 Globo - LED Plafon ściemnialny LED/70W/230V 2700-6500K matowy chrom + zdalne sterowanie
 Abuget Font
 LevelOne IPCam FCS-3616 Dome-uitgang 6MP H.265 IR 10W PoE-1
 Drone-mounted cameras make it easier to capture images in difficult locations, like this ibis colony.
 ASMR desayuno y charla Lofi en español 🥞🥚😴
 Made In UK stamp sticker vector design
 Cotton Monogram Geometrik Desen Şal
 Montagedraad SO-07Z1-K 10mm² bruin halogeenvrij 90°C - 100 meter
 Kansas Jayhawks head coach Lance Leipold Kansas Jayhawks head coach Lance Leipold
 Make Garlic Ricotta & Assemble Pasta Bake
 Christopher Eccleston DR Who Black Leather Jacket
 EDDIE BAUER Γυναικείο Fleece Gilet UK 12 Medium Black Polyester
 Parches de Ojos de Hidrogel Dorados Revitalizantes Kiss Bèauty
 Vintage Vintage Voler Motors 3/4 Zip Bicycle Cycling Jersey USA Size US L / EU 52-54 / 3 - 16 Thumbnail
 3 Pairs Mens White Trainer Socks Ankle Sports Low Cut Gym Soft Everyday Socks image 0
—————
Task item ->
Going through the listing above, tally the lines that contain the word "Black" and state the total alone.

Response ->
2